Lines below containing the word "chairs" should be copied out.

EXTRACTED RECORDS Block Start

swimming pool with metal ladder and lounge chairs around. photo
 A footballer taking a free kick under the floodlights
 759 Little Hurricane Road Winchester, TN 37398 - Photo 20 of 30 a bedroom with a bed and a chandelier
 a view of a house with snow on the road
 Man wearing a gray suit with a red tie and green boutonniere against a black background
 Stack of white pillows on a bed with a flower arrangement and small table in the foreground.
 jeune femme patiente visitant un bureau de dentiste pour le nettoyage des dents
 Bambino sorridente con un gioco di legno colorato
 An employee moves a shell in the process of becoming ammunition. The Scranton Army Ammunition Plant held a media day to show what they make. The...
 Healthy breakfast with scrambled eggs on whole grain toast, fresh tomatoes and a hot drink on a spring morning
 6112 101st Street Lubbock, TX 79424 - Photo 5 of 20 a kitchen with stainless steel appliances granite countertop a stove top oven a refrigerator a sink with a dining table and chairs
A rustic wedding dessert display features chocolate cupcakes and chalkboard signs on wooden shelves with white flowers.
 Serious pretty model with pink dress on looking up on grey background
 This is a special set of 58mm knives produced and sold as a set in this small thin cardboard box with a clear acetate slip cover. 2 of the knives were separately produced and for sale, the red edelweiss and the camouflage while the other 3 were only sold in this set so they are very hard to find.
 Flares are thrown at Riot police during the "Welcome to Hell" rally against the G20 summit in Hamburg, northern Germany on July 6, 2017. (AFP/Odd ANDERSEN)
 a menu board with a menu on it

EXTRACTED RECORDS Block End

◆ **COMPLETED EXERCISE**:
swimming pool with metal ladder and lounge chairs around. photo
 6112 101st Street Lubbock, TX 79424 - Photo 5 of 20 a kitchen with stainless steel appliances granite countertop a stove top oven a refrigerator a sink with a dining table and chairs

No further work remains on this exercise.